You’ve been writing popular crime and romance novels since 2011. Why pen a memoir?

I did try to write it as fiction; it was one of the approaches I took. I realized, as I was doing it, that I had a story that had never been told and that story was the story of a haole girl on Kaua‘i. It was the story of growing up in Hawai‘i and always being an outsider. It was the story about reverse racism that nobody is allowed to talk about. It was a story about the times, the ’70s hippie lifestyle as it played out in the Islands. I realized I had a story that was bigger than me. That’s when I decided to write this as a memoir and it would be the most powerful way to share that message.

How was writing “Freckled” different from writing fiction?

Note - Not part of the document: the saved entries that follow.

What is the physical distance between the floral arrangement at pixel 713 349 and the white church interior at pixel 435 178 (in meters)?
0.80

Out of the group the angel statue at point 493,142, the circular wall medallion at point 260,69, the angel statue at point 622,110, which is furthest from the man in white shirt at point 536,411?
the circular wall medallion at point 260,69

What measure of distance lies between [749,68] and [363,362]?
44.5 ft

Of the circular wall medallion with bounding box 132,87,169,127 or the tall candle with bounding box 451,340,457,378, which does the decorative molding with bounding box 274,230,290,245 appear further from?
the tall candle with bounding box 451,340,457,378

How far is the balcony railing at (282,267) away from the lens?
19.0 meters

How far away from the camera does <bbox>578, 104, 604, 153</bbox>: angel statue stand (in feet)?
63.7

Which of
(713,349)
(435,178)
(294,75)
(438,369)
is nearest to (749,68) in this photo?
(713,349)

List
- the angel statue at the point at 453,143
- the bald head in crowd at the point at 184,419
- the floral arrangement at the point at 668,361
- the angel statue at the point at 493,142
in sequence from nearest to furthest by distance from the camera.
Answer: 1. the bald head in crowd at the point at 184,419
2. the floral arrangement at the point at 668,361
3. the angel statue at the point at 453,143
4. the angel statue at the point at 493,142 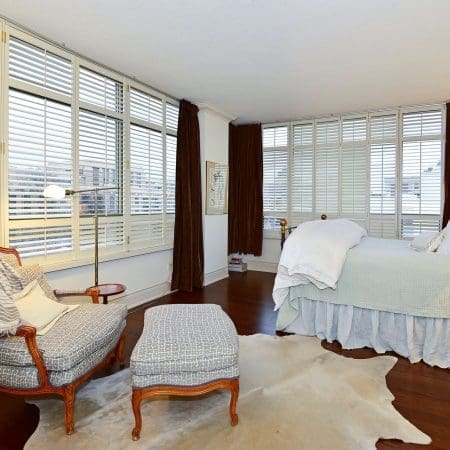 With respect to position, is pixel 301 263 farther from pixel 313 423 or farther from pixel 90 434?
pixel 90 434

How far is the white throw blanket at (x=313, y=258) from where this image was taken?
2949mm

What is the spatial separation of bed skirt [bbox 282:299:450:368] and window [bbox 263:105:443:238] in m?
2.79

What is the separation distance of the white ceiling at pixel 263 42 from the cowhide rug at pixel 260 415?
8.75 feet

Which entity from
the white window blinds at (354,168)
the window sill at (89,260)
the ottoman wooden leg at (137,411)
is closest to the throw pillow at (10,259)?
the window sill at (89,260)

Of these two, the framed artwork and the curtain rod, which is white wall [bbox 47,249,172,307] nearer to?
the framed artwork

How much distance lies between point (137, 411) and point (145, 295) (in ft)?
8.38

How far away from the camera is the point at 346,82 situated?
4039 mm

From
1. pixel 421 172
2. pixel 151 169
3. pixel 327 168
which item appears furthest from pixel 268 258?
pixel 151 169

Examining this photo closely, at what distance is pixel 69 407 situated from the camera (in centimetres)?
185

One of the most important questions to ask when you’re writing a memoir is, “What do I want the reader to experience?” This is about creating an experience for the reader. I wanted to take them on a unique journey, bring them by the hand, in my own skin, to experience this whole world. It is a lost world. Hanalei, at the time, was the end of the road. Taylor Camp [a hippie settlement where much of this memoir takes place] is gone and it will never return. … Writing in the first person impacts people on an emotional level. I wanted to take the reader on a journey to a lost place and time.

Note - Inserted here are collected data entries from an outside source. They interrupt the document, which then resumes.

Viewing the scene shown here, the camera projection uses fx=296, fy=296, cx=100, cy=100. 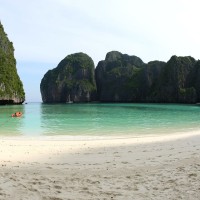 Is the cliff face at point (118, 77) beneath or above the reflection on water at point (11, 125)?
above

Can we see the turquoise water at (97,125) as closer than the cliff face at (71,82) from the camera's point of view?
Yes

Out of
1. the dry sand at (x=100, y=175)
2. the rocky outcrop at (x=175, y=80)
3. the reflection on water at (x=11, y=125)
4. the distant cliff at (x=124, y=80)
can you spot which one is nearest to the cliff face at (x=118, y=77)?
the distant cliff at (x=124, y=80)

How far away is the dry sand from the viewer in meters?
5.24

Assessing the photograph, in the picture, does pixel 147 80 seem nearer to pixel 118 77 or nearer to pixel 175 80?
pixel 118 77

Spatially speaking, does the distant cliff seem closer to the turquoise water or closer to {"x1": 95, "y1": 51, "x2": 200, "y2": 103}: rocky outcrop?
{"x1": 95, "y1": 51, "x2": 200, "y2": 103}: rocky outcrop

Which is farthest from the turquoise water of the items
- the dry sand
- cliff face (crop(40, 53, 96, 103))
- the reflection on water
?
cliff face (crop(40, 53, 96, 103))

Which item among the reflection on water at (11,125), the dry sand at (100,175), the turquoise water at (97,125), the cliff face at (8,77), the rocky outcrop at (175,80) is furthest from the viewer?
the rocky outcrop at (175,80)

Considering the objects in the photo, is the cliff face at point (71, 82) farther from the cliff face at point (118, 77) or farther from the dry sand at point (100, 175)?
the dry sand at point (100, 175)

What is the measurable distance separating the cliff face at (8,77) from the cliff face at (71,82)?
72805 millimetres

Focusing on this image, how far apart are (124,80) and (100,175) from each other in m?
169

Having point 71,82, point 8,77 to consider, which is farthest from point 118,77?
point 8,77

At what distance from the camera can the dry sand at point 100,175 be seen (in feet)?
17.2

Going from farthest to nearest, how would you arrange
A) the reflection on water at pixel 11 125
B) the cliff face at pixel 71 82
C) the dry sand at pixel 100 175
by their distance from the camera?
the cliff face at pixel 71 82
the reflection on water at pixel 11 125
the dry sand at pixel 100 175

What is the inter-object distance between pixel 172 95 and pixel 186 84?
983cm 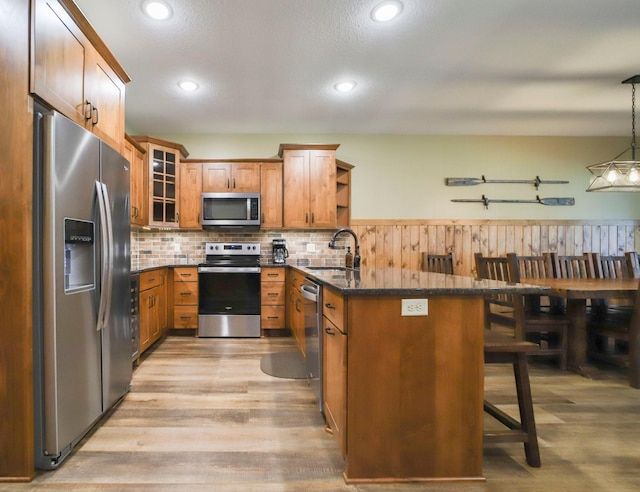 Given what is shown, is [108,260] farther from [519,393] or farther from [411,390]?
[519,393]

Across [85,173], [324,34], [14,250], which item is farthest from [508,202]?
[14,250]

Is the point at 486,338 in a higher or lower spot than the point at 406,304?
lower

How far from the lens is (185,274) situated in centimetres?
420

You are very honest in this book about your experience growing up on Kaua‘i—and much of it wasn’t very positive. What was the response from the people you wrote about?

If I were doing it again, I would have changed everyone’s names and here’s why: You just don’t know how big it’s going to be, and for me, this book is big. It’s making up a fourth of my income. It’s never dropped in rankings since it came out, and it’s picking up even more. It’s my dream for this to become a classic of Hawai‘i literature, that it’s persistent, that it’s a thread in the tapestry of Hawai‘i. That was my dream and it’s happening. So far, it’s 99% positive things and 1% negative. People were hurt they weren’t mentioned, people picked it apart, I got “auntie lectures” … I softened things at times out of sensitivity to others. Changing more names would have helped me be braver and bolder.

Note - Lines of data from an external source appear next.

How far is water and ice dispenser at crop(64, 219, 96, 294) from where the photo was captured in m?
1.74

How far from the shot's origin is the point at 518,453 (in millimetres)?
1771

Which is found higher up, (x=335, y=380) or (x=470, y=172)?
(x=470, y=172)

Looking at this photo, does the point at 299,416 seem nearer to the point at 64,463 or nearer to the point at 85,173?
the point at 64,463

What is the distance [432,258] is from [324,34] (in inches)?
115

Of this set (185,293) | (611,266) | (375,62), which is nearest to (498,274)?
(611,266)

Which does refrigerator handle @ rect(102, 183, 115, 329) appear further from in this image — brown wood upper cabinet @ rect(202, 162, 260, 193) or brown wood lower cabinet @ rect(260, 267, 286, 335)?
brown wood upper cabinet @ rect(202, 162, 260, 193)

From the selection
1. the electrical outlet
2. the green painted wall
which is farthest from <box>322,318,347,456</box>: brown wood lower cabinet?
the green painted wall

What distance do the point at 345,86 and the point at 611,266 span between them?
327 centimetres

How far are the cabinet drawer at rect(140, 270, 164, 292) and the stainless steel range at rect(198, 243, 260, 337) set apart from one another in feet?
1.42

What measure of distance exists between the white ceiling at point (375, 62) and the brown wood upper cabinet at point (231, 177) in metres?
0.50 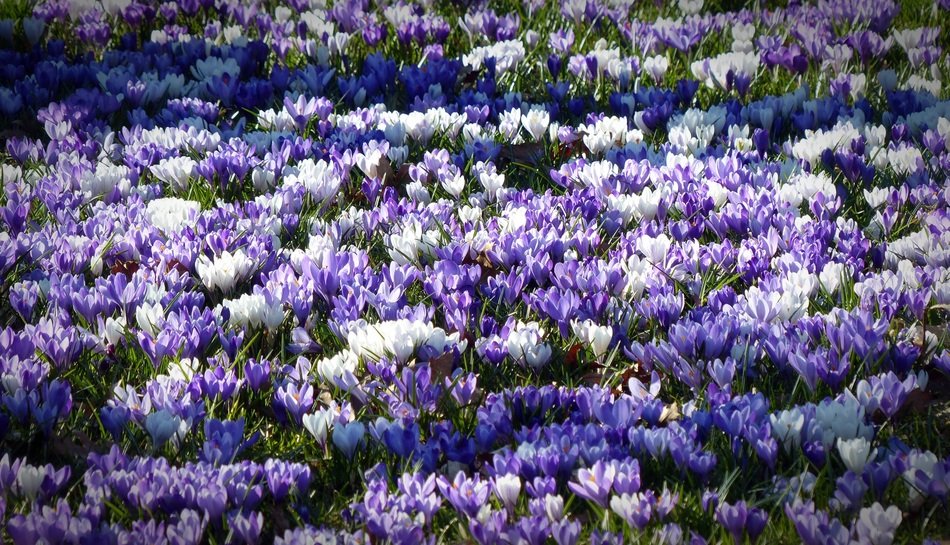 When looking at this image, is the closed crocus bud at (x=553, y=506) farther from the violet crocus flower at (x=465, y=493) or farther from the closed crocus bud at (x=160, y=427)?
the closed crocus bud at (x=160, y=427)

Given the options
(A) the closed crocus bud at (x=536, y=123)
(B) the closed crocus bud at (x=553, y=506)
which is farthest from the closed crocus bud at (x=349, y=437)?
(A) the closed crocus bud at (x=536, y=123)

How has the book been transformative for you—as a person, as a writer?

The positive response to the book has been humbling. There is strength in vulnerability and in standing naked before the world. I would never have known that if I hadn’t chosen this path. The hardest thing to share has been the racial bullying I experienced as a haole growing up in Hawai‘i. I was heavily socialized never to talk about it. This much is clear: Racism is ugly no matter what reason or group it happens to.

When you’re not writing, what are you doing?

I walk the beach when I’m on Maui and I walk the beaches here in Northern California, picking up sea glass and abalone shells. I have a little dog—a Pom mix. I named him Koa because his fur looks like koa wood—and he’s a wonderful beach-walking companion.